Joseph Tidwell joined the Writers’ League last November. He lives in Burbank, California but is relocating to Austin with his family in the near future.
Scribe: In what genre(s) do you write?
Joseph Tidwell: Dramatic fiction, comedic fiction, novels and screenwriting, playwriting, short stories, poetry, biographies and ghost writing on many topics. I have also taught screenwriting on and off for sixteen years and plan on doing that when I move to Austin.
Scribe: What authors would you like to have coffee or a beer with and which beverage?
JT: Since I had the opportunity to lunch several times with Horton Foote at his home in Wharton and study with Edward Albee, I would think a long lunch perhaps with Chekhov or Proust might be very interesting. Of course again, I would love to have a visit with a whole bunch of authors if the Tempter himself didn’t have to know.

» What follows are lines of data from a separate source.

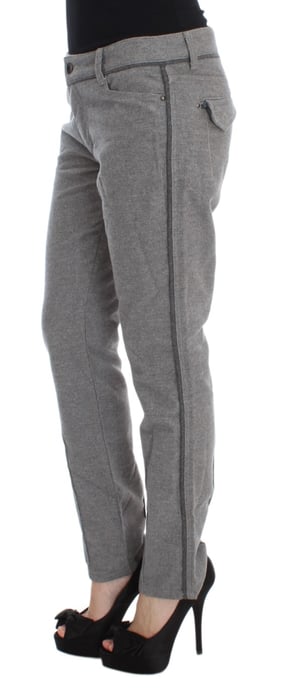 Pantalones Rectos Grises con Detalle de Raya Lateral - Image 2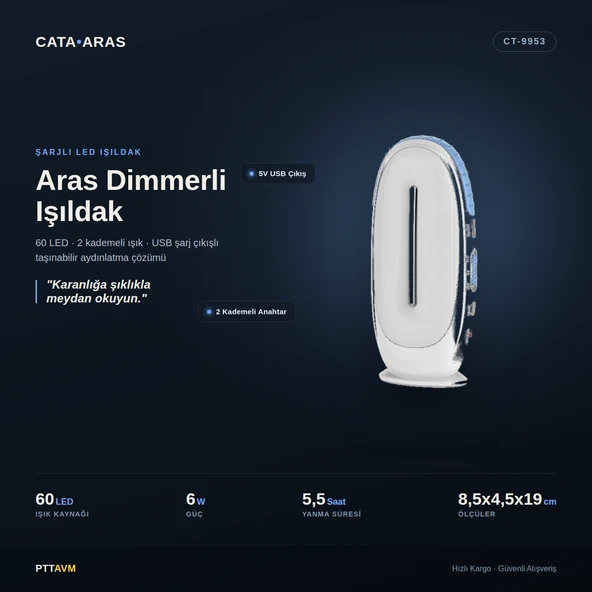 Cata Aras 60 Ledli Işıldak Ct-9953 Dimmerli ürün görseli 1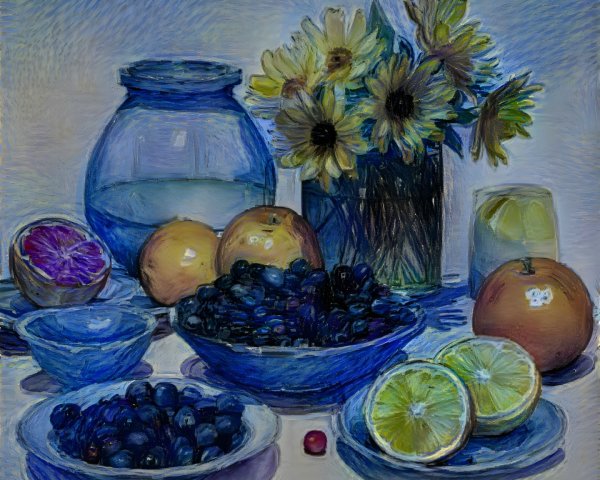 Vibrant Still Life of Fruits and Sunflowers in Bowls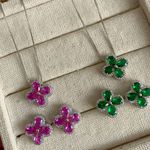 conjunto flor no ródio branco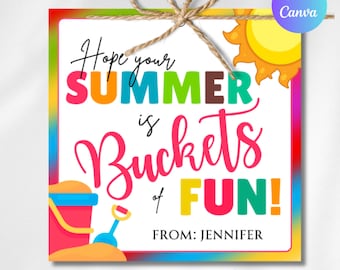 Editável Espero que seu verão seja muito divertido, etiqueta para presente de verão, baldes de diversão, etiqueta para presente de classe, etiqueta para presente escolar, etiqueta para presente de estudante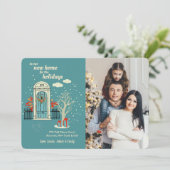 Carte de vœux de vacances avec photo de porte d'en (Debout devant)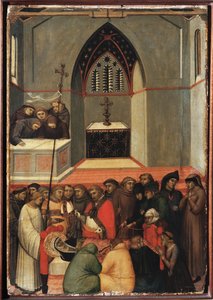 El cuerpo exhumado de Santa Humildad está intacto (Políptico de la vida de Santa Humildad) de Pietro Lorenzetti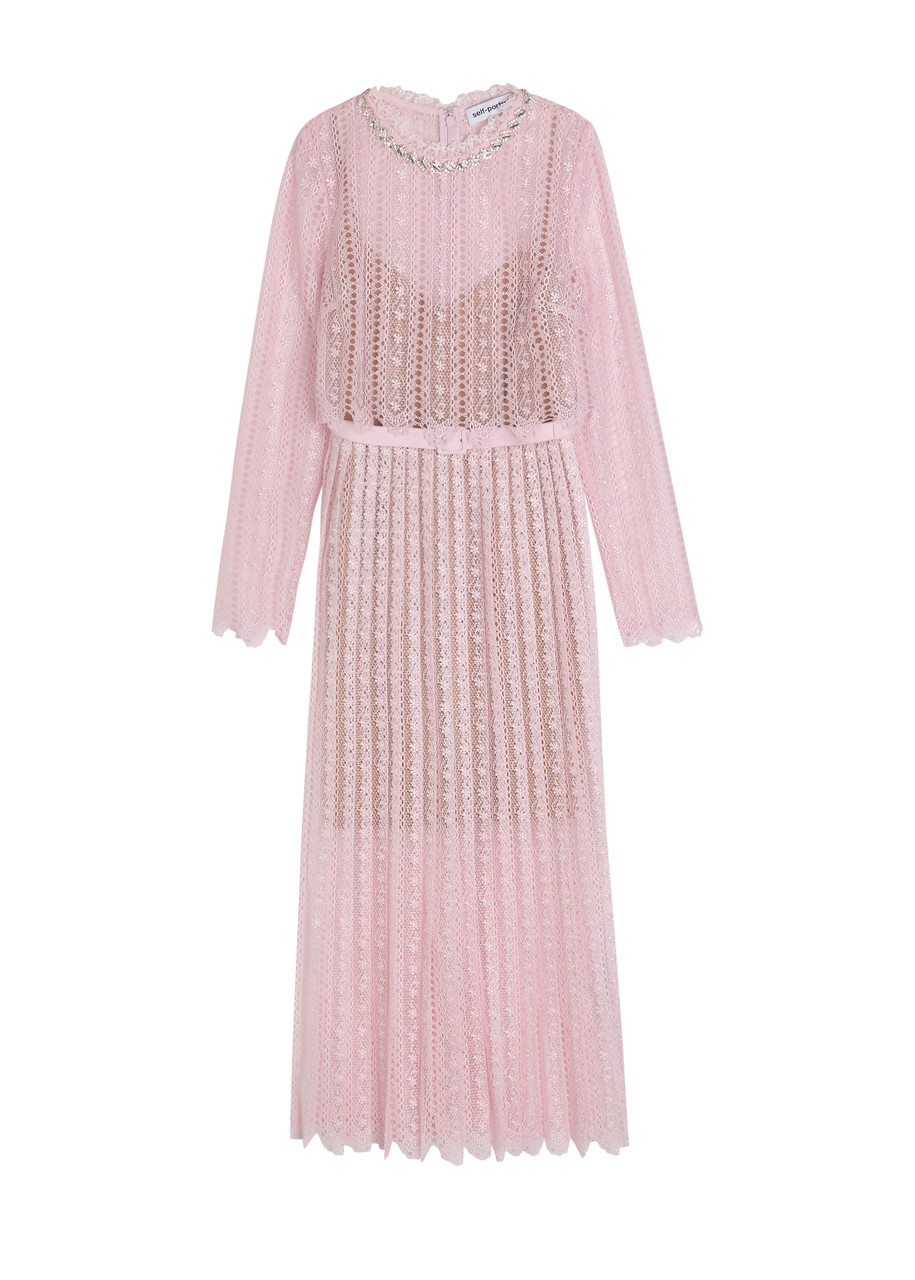 Self-portrait Belted Lace Midi Dress - Pink - 8 (UK8 / S)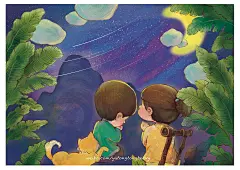 与南京1912合作的16年新年台历插画商业插画猫屋Becky  原创作品-6中国风插画水彩国潮壁纸@奥美Linda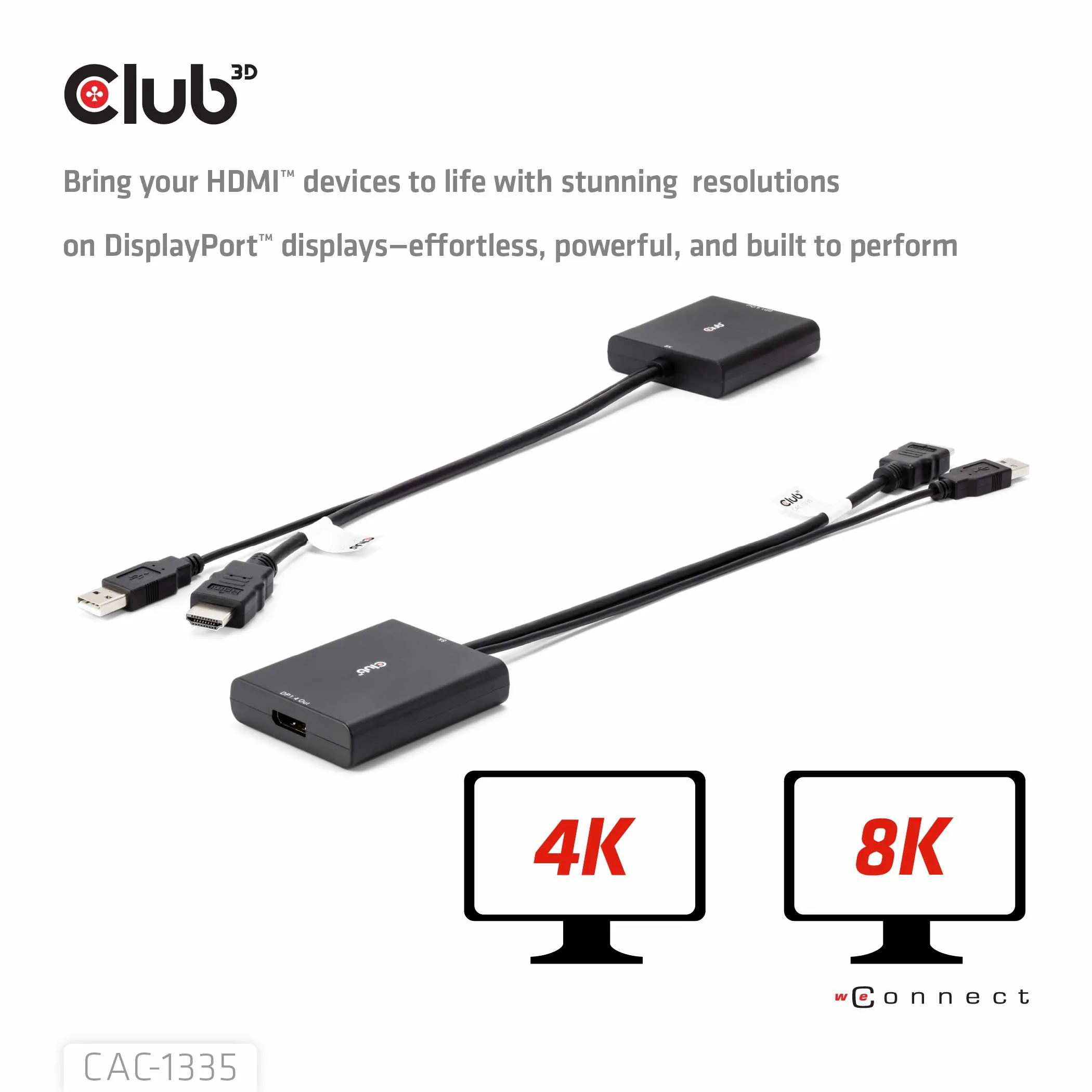 Club 3D HDMI 2.1 + Micro USB - DisplayPort active - adapter, Black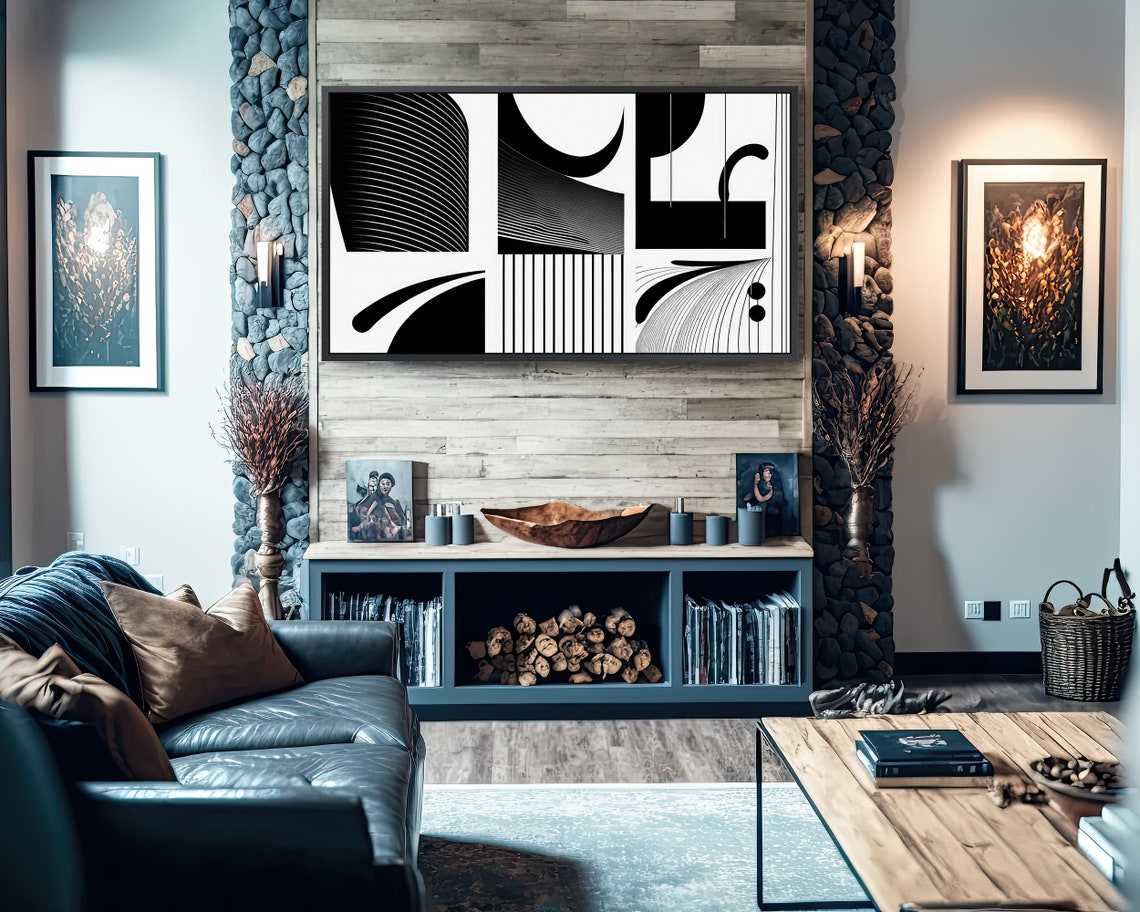 Monochrome Abstract Geometric Curves Fine Lines Modern Wall Art Poster - Image 2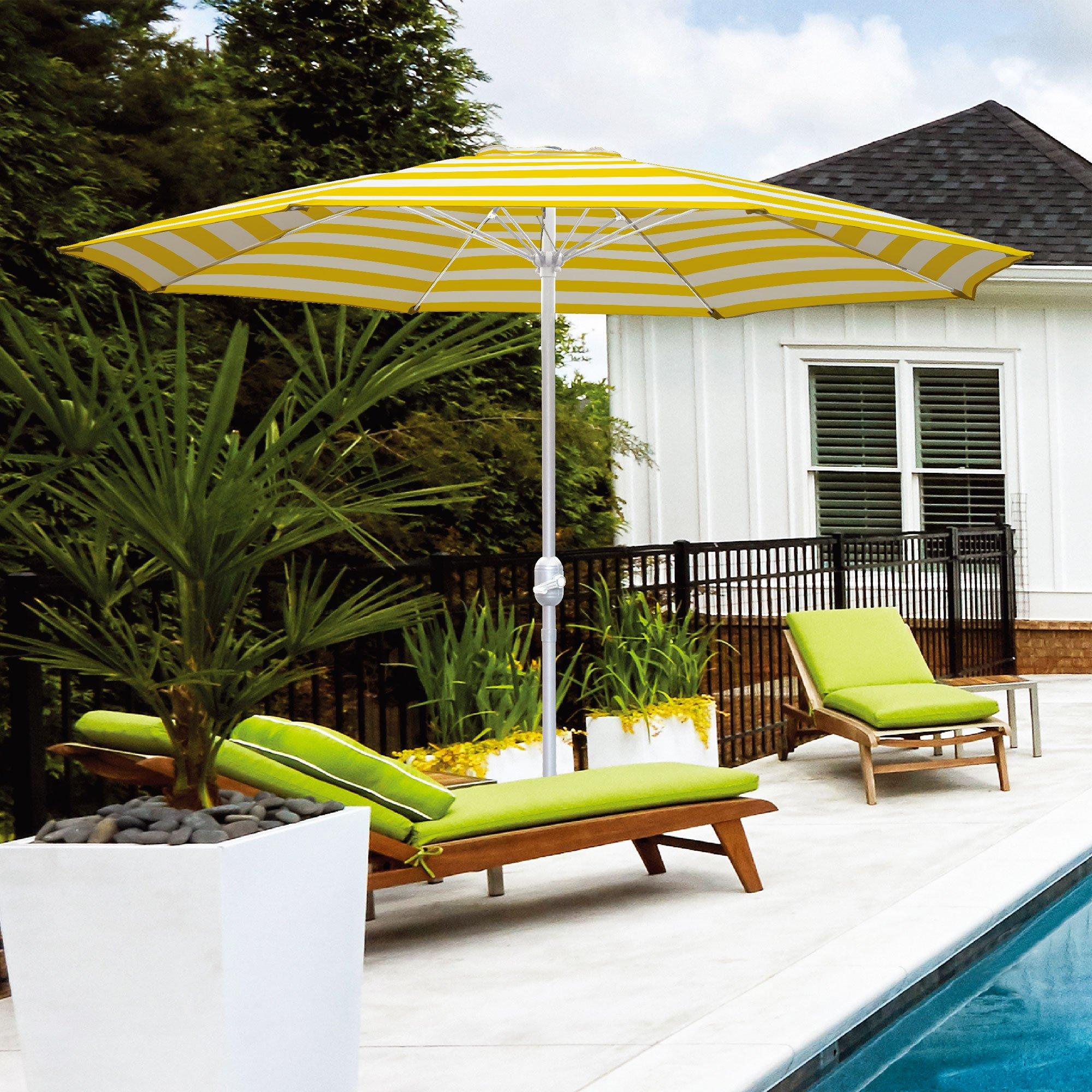 9 Steel Umbrella Lemon Stripe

Coffee or beer… hum… well I would love to sit and talk at length with Tennesse Williams again. I met him in the early sixties and it would for sure be a little heavier beverage than the aforementioned. I’m positive whiskey would be the call. In a short time he taught me a good deal about writing depth of soul. As a writer, his main advice was “getting some reality under your fingernails with your words so to speak.” He critiqued the very first draft of my stage play Southern Rapture, that Dwight Yoakam made his acting debut in with Peter Fonda directing.
Scribe: If you were stranded on a deserted island, what book would you want to have with you to keep you sane?
JT: Let Us Now Praise Famous Men written by James Agee and photographs by Walker Evans. Of course I’d have to cheat the devil and take along a few more books he wouldn’t have to know about.
Scribe: What have you learned from your association with the Writers’ League?
JT: My association with the Writer’s League has been a short one so far, only two or three months I think. But after hearing about it for a couple of years and all the wonderful writers who were members I thought hell, I better get with the program and get my butt back to Texas and some like minds so I could learn something. My wife and I plan on moving down around Austin somewhere as soon as she retires from Walt Disney Studios or sooner if one of my screenplays is produced between now and then.
Scribe: Where do you see your writing taking you (or you taking it) in the future?
JT: Hummm, interesting question. Well, its sure has jerked me a thousand ways from hell all these years. Run my ragged ass from place to place and took me through more mental phases and stages than Willie could think of, so I guess I’m gonna be like one of my characters in my Texas Fables, (The Whip Gunn Series) who says, “Whichever way my (literary) nose is pointed at the time is where I’m bound.”
I try with all my heart and soul to create, even though fictitious “real characters and real events and places”–at least in the minds of my readers. On the other hand I have taken my writing to many a dark place but fortunately for me the bright spots ruled over that. When you write and tell stories for a long time you eventually run through most every kind of story known to man. As my character Millard T. Lippenpool III in Palace Of The Oleander Moon says, “Some stories are unknown to man as of yet.”